Do it yourself. Deskilling and Reskilling in the Digital Techno Age.
Ringvorlesung Institut für Kunstkritik
John Roberts: After the Crisis of Value: Some Further Reflections of the Problems.
Deskilling and Reskilling in Contemporary Art
Mittwoch, 18. Januar 2017, 19 Uhr, Aula
The intellectual shift in the critique of political economy from questions of skill and deskilling within the framework of capitalist boom-and-bust, to more fundamental questions regarding time and value in relation to the growing crisis of labour defines our present period. And this is why the ‘end of work’ has become so crucial to recent radical political theory. Given the exponential rise of deskilling, the robotic displacement of living labour, and consequently, the detachment of unemployment and underemployment from so-called business cycles - the expansion of 'surplus populations' globally - the question of free labour has again become a political and emancipatory priority. (See for example the writings of André Gorz, End Notes, Nick Srnicek and Alex Williams, Peter Fleming).

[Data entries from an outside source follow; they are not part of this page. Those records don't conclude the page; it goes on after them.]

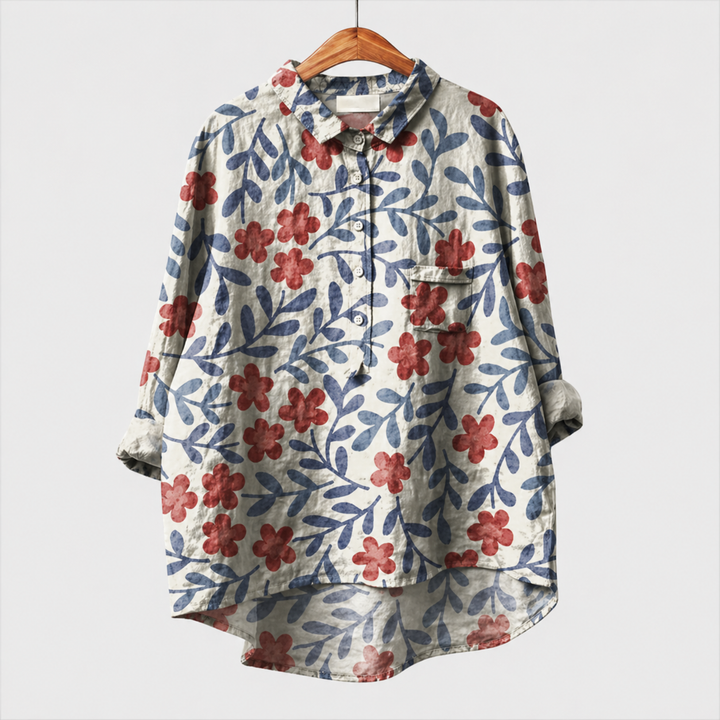 Claire | Blusa elegante estiva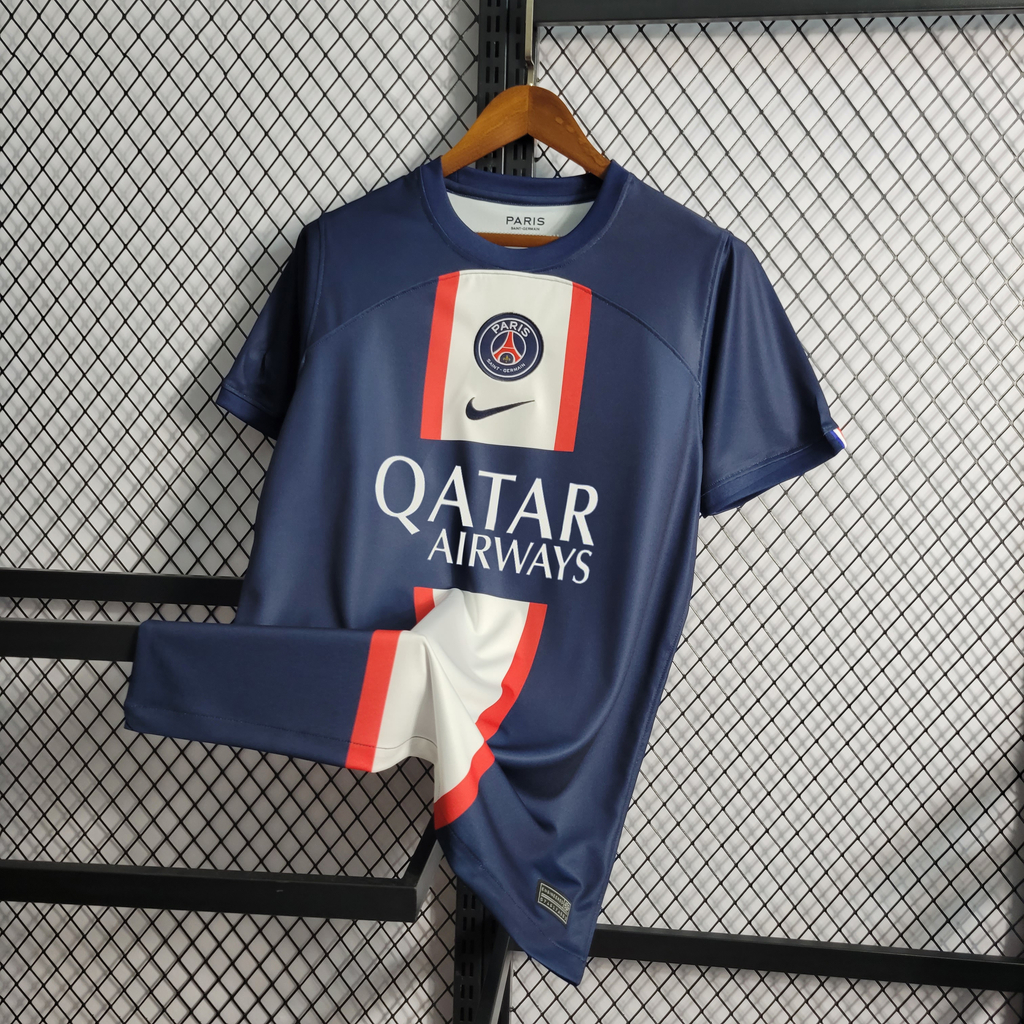 Paris Saint-Germain PSG 22/23 Home Jersey - Fans Version - JerseysGala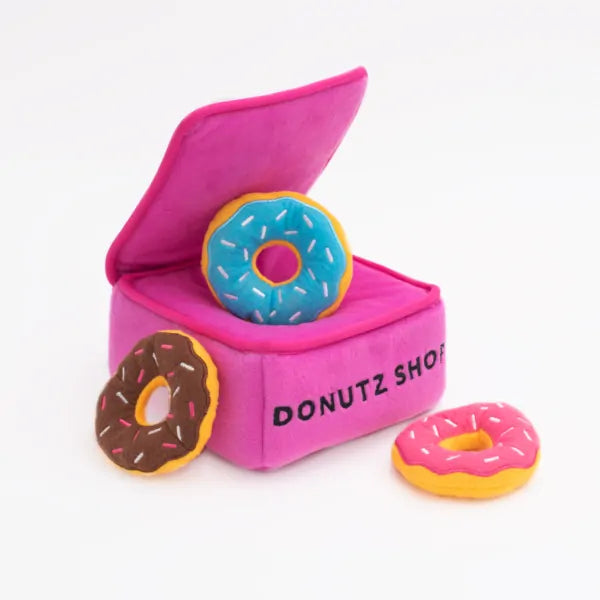 Burrow Toy - Box of Donuts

Contemporary artists are no different from productive and nonproductive labourers in being subject to a process of deskilling, as a consequence of changes in the relations of production. But if art has lost some of its artisanal, productive allure over the last fifty years as a result of this, this does not mean that artists are objectively excluded from artistic production on the basis of these changes. Deskilling in art is never absolute, because artistic labour as free labour is detached from the discipline of labour-power. Art, therefore, still has an important part to play in defining what productive and non-productive labour might become after the 'end of work'.
In this lecture, John Roberts looks at how the future of the 'crisis of work‘ is currently intertwined with the emancipatory possibilities of artistic free labour.

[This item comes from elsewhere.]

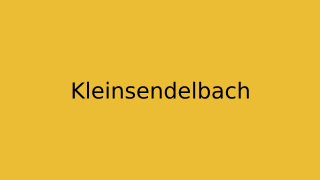 Kleinsendelbach Thumbnail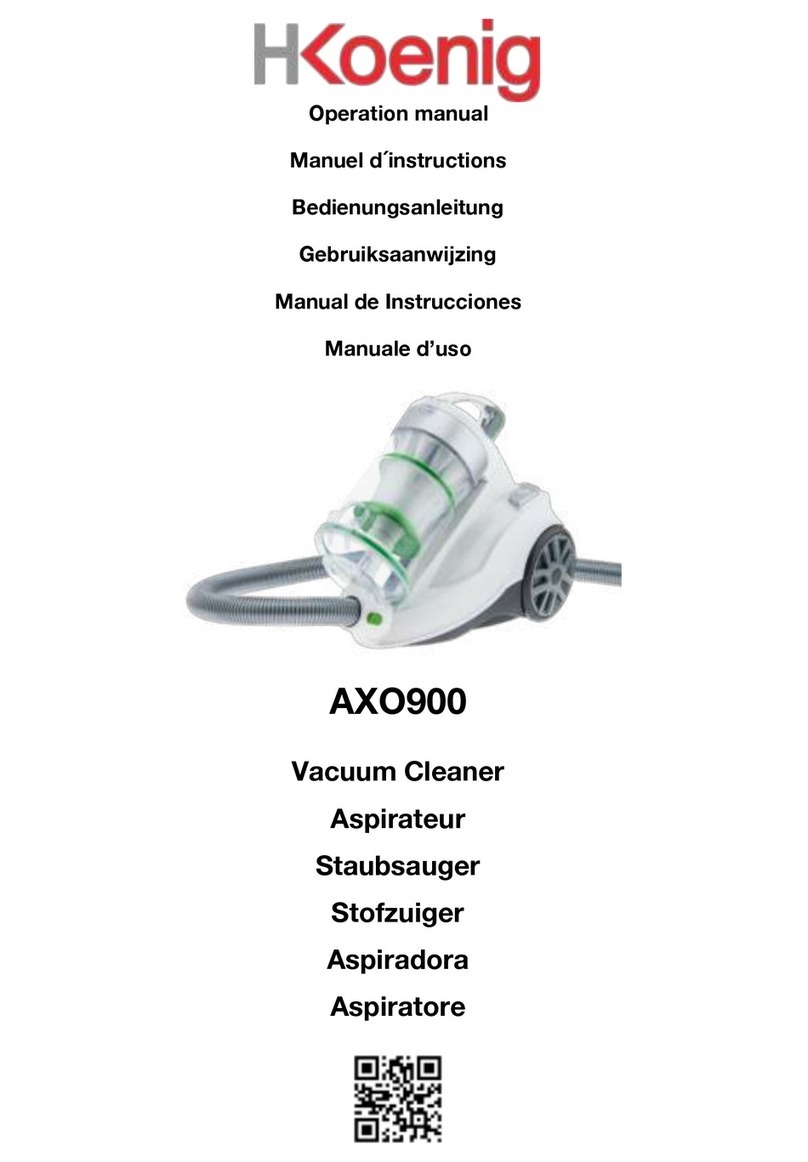 H.Koenig AXO900 User manual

John Roberts is Professor of Art and Aesthetics at the University of Wolverhampton. His books include The Art of Interruption: Realism, Photography and the Everyday, The Philistine Controversy (with Dave Beech), Philosophizing the Everyday, and The Necessity of Errors. He is also a contributor to Radical Philosophy, Oxford Art Journal, Historical Materialism, Third Text, and Cabinet magazine.

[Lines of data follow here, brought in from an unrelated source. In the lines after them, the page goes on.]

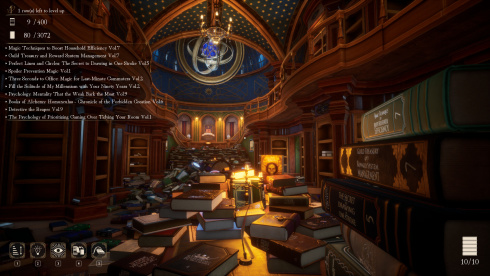 Librarian: Tidy Up the Arcane Library! - скриншот 5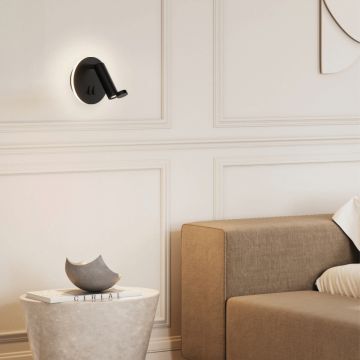 Zambelis READING LIGHT 25303 Светильник за стена 3W+6W/led 3000K 240lm + 400lm IP20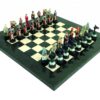 Ensemble Jeu d’Echec Viking 2 et Echiquier en Bois d'Erable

Der Vortrag findet in englischer Sprache statt.
Ringvorlesung Program:
Winter semester 2016/2017:
Julia Gelshorn (13. Dezember)
Rachel Haidu (14. Dezember)
Amalia Ulman (17. Januar)
John Roberts (18. Januar)
Summer semester 2016:
Lucy McKenzie (12. April)
Benjamin Buchloh (22. Juni)
Beatrice von Bismarck (23. Juni)
This lecture-series (conceptualized by Isabelle Graw) revolves around the question of artistic skills in a digital world. What do they actually consist of? While it always mattered how an artist performs herself since the Modern Age, it seems that the „Auftritt des Künstlers“ (Beatrice von Bismarck), namely, her public staging of herself, has become increasingly important in a Media Society. Has the modeling of her „personality“ turned into a skill that is required from her? Or should one rather argue that artistic practices still represent other competences, attitudes and ways of life that question the ideal of an entrepreneurial self? What have traditional skills been replaced by?
It seems that the deskilling of the arts that is usually associated with the „Duchamp-effect“ and post war practices allowed for a reskilling that is currently quite popular in the artworld. Is it a historical necessity that deskilling entails reskilling? Historically speaking, „deskilling“ was a male privilege in the 1950´s and 1960´s. Many male artists opted for anti-subjective aleatory procedures that rejected skills, whereas women artists practiced another form of deskilling in the 1970´s by reintroducing formerly devaluated, „female skills“ into their work. Could one argue, at least in retrospect, that it is precisely these lower or soft skills associated with the sphere of reproduction that are have risen to the status of a valuable resource in our New Economy?